Dec 18, 2008

Expat ghettos

Yvon, who is Australian, likes to socialize with other expatriates; he does not speak Thai and as a result feels a little isolated here. Sap, who is Thai, does not like these functions. They – the expatriates – always talk about heavy topics, he says, meaning politics, the discussion of which at social gatherings is in Asia considered in bad taste. The worst is that they do not know anything, he says. This, of course, is true everywhere – I have rarely heard an ad hoc political discussion – whether in America or in Europe – which was not shallow and uninformed (the topic is big and few have the time to master it; not everything is done in public; the picture is often confused by irrelevant but emotionally stirring ideologies). Yet, the problem is compounded among expatriates: they don’t speak the language, can’t read the press, the locals don’t tell them anything: they operate, basically, in the dark. The information they exchange is often rumor; and because of the small size of the community, rumors spread fast. Among the Japanese community here a rumor went about lately about the imminent collapse of a bank about which I knew from financial press that it had only a week earlier reported record profits. Many Japanese withdrew their deposits the very next week. Similarly, a new visa rumor runs the Anglo-Saxon community every month, each subsequent one weirder than the one before.

I am sure there is another reason why Sap does not like to attend these functions: all expatriate communities’ favorite activity is bitching about how bad things are in their host-country, and in particular how stupid and mean the locals. They don’t usually have the delicacy to lay off the topic in the presence of local significant others who are thereby forced to politely agree. The expatriate community is a kind of mental ghetto; it is the same everywhere, whether in Taipei or in Tokyo or in New York. I do not attend the functions which Sap is obliged to attend.

Incidentally, the Anglo-Saxon obsession with politics is striking. Anglo-Saxon colleagues write me from other continents about Thai politics. The royal family, writes one, is divided about succession – as if he was in position to know the first thing about it.

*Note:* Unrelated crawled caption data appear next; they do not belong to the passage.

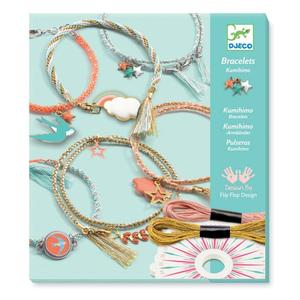Djeco Jewellery - Kumihimo Bracelets Celeste Shop Offer Online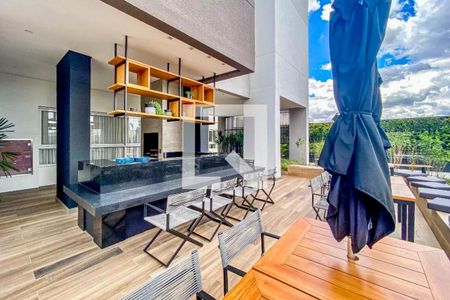 Apartamento à venda com 69m², 2 quartos e 1 vagaChurrasqueira 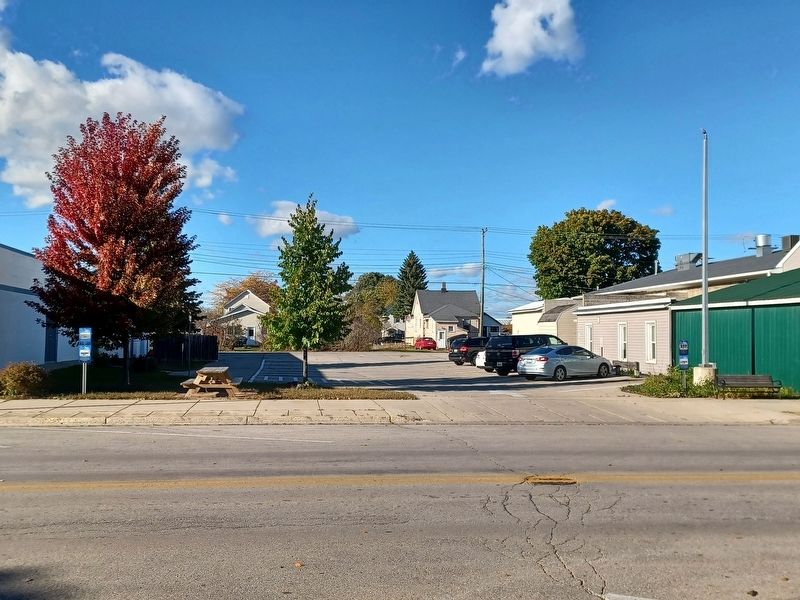 810 Delta Avenue Marker image. Click for full size.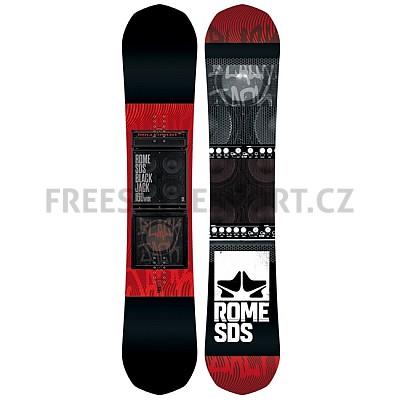 Snowboard ROME BLACKJACK 18/19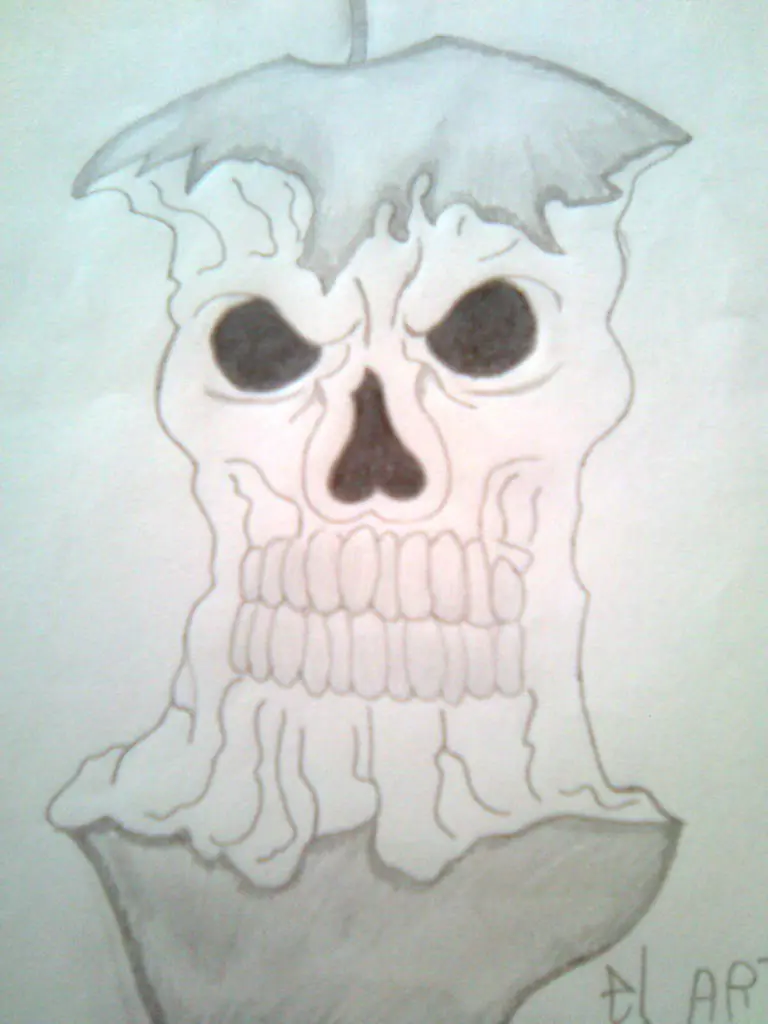 Dibujos a lápiz..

There are so many other interesting topics to talk about here: the mechanism of development for example which turns lovely old wooden towns into snarling cement beasts with air so thick it can be sliced with a knife; the ease with which people are persuaded to give up the solid, comfortable old for the cheap, uncomfortable new for the sake of being modern, or like everyone else; the displacement of locals by people from elsewhere – Bangkok, the South – who arrive with money and buy up the choice properties to such extent that today, by some estimates, fewer than a third of the residents of downtown Chiang Mai are Northerners. (The same seems to be happening in Mae Rim). But to talk about these things one has to be a keen observer; one has to actually know something. A tall order.